Tuesday, December 11, 2012

Booker's "Humble" Food Stamp Campaign Highlights the Immorality of the Food Stamp Program

Newark, New Jersey Mayor Cory Booker, a possible 2013 challenger to Governor Chris Christie,   recently drew attention the the plight of the poor food stamp recipient, getting his picture on the front page of NJ's largest newspaper, the Star-Ledger. David Giambusso reported:


In Newark Mayor Cory Booker’s career of glitzy photo shoots, this was by far the most humble.

He stood in his kitchen Tuesday, glumly assessing the 17 cans of beans, seven yams, two bags of frozen vegetables and two apples that will constitute his diet for the next seven days as he embarked on a week-long effort to shed light on the plight of roughly 46 million Americans who rely on food stamps to survive. 

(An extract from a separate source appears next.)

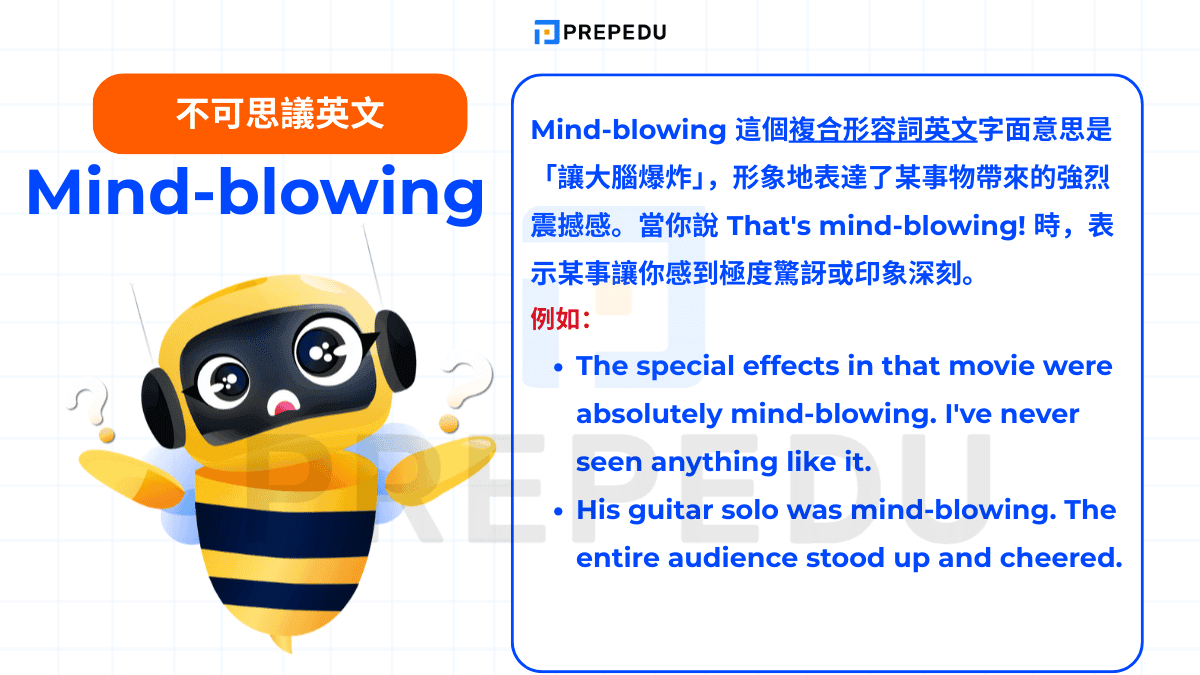 Mind-blowing 這個複合形容詞英文字面意思是「讓大腦爆炸」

Many commenters on this article, including some self-described "liberals," pointed out that food stamps were never intended to be more than a supplement. But, notice the switch taking place here: from taking care of yourself with some government "assistance," to relying solely on government for your entire diet.

Full, undiluted socialism is total dependence on government for all of our needs and wants. If our welfare state ever evolves into full socialism, it is by means of smuggling in the concept of total dependence as the goal of government programs.

Giambusso's article included a quote from Booker that served as the opening of my comments:


"People have a real lack of understanding of the struggles that many families have to go through — hard working families that play by the rules...."

Well, the hard working people whose money is forcibly confiscated through taxes to pay for SNAP play by the rules, too. Don't they count, or do we evade their existence? 


Championing the cause of alleviating "hunger" is one thing, and there are certainly some citizens needing assistance.  Whether someone is worthy of help is a voluntary private judgement that properly belongs to private individuals voluntarily donating their own money based on their own values. But any initiative that begins with theft is immoral.


Considering the monumental size of our government's fiscal woes, the food stamp program is small potatoes. I would start solving our problems by attacking, say, corporate welfare--all of it, including the politically correct sacred cows like solar subsidies. But, since Booker draws attention to it, the food stamp program is as good a place as any to highlight the basic problem. The "Fiscal Cliff" is really an ethical cliff, and we went over it long ago, when we decided that theft is ok, as long as someone "needs" something and the theft is legal. When we handed the government the power to redistribute wealth, we handed politicians a moral blank check, allowing them to side-step the criminal laws that private citizens must live by. 


The acceptance of the idea that someone's need is a license to steal from others is not the mark of a humane culture, but a corrupt one.


Related Reading:


From Middle Class to Welfare Class

Where to Cut the Federal Budget? Start by Killing Corporate Welfare, by Doug Bandow

2 comments:

Steve D said...

'I would start solving our problems by attacking, say, corporate welfare'

Practically, this makes more sense as well. Some ways of moving towards capitalism are better than others. As businesses become more productive, there will be jobs created and less and less excuse for people to even be on food stamps.

principled perspectives said...

Good point. I think it's more practical politically, too.